The Rotation Policy: A Study in Overengineering

The rotation logic alone was a masterpiece of solving problems that didn’t exist:

def _is_session_expired(last_used: float) -> bool:
    """Check if a session should be rotated.

    Expired if:
    - Idle longer than SESSION_IDLE_TIMEOUT (4 hours), OR
    - A 4am boundary has been crossed since last_used
    """
    now = time.time()

    if now - last_used > SESSION_IDLE_TIMEOUT:
        return True

    last_dt = datetime.fromtimestamp(last_used)
    now_dt = datetime.now()
    today_reset = now_dt.replace(hour=SESSION_RESET_HOUR, minute=0, second=0, microsecond=0)

    if now_dt < today_reset:
        from datetime import timedelta
        today_reset = today_reset - timedelta(days=1)

    if last_dt < today_reset and now_dt >= today_reset:
        return True

    return False

Okay. Deep breath. Let me list what’s happening here:

  1. Idle timeout check — if the session hasn’t been used in 4 hours, expire it. Because a conversation that’s been quiet for 4 hours is probably stale. Fair enough.

  2. Daily reset boundary — if the clock has crossed 4am since the session was last used, expire it. Fresh context each day. Poetic.

  3. Yesterday’s reset edge case — if it’s currently before 4am, calculate yesterday’s reset boundary instead. Because time zones and midnight edge cases are everyone’s favorite debugging experience.

This function existed so that on startup, the system could prune its session cache. Think about what that means. On startup, it would iterate through sessions.json, check each session against the rotation policy, fire expire callbacks for the stale ones, and then re-persist the pruned file. All to manage a pool that, in practice, never contained more than one entry.
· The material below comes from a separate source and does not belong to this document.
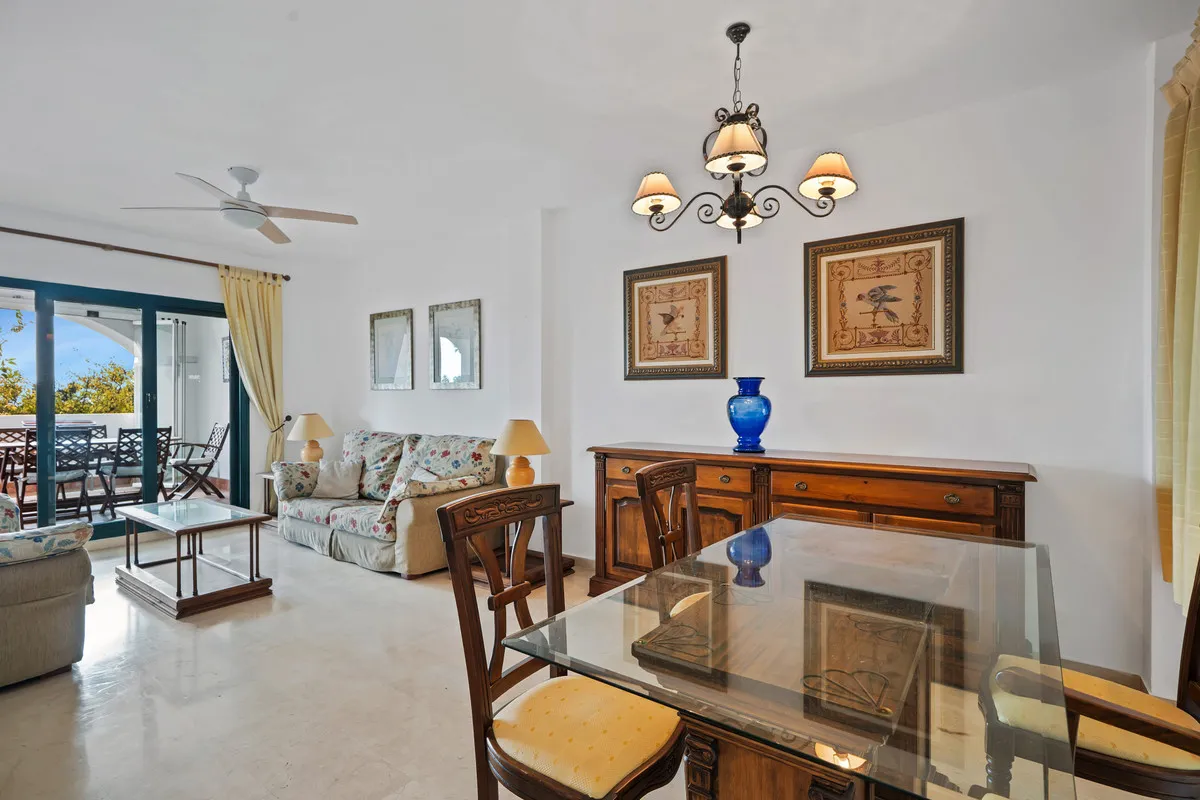 6cc428c7-bcdd-4969-99d0-9d9b2942a890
The Persistence Layer: Atomic Writes for One String

Here’s how the pool got saved to disk:

def _persist_to_disk() -> None:
    """Atomically write session cache to disk."""
    data = {
        'version': 1,
        'sessions': {},
    }
    for (cache_key, model), (session_id, last_used) in _session_cache.items():
        key = f'{cache_key}:{model}'
        data['sessions'][key] = {
            'session_id': session_id,
            'last_used': last_used,
        }

    # Atomic write: temp file + rename
    SESSIONS_FILE.parent.mkdir(parents=True, exist_ok=True)
    fd, tmp_path = tempfile.mkstemp(
        dir=SESSIONS_FILE.parent,
        prefix='.sessions_',
        suffix='.tmp',
    )
    try:
        with os.fdopen(fd, 'w') as f:
            json.dump(data, f, indent=2)
        os.replace(tmp_path, SESSIONS_FILE)
    except Exception:
        try:
            os.unlink(tmp_path)
        except OSError:
            pass
        raise

Atomic writes. Temp file creation with mkstemp. Rename-on-success. Cleanup-on-failure. This is the kind of code you write when you’re storing financial transactions or database WAL files. It was storing one session ID and a timestamp.
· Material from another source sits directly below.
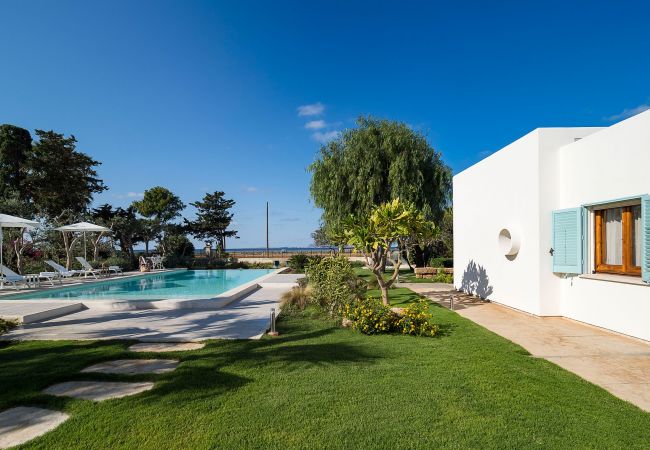 Villa in Paceco - Villa with pool, 450 metres from sea, near Trapani, Sicily - 14 pax Villa in Paceco - Villa with pool, 450 metres from sea, near Trapani, Sicily - 14 pax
The version: 1 field is my favorite part. It implies there would be a version 2. There was not going to be a version 2.

What Replaced It

Here’s the entire session tracking layer that replaced all of the above:

# The one session we track — the user's conversation
_user_session_id: Optional[str] = None

# Persistence file
SESSION_FILE = Path(__file__).parent.parent.parent / 'data' / 'session_id.txt'


def load_session() -> Optional[str]:
    global _user_session_id
    if SESSION_FILE.exists():
        sid = SESSION_FILE.read_text().strip()
        if sid:
            _user_session_id = sid
            return sid
    return None


def save_session(session_id: str) -> None:
    global _user_session_id
    _user_session_id = session_id
    SESSION_FILE.write_text(session_id)


def clear_session() -> None:
    global _user_session_id
    _user_session_id = None
    if SESSION_FILE.exists():
        SESSION_FILE.unlink()

One variable. Three functions. A text file. No hashing. No timestamps. No rotation policy. No expire callbacks. No atomic writes — because if write_text() fails on a 36-character string, you have bigger problems than session management.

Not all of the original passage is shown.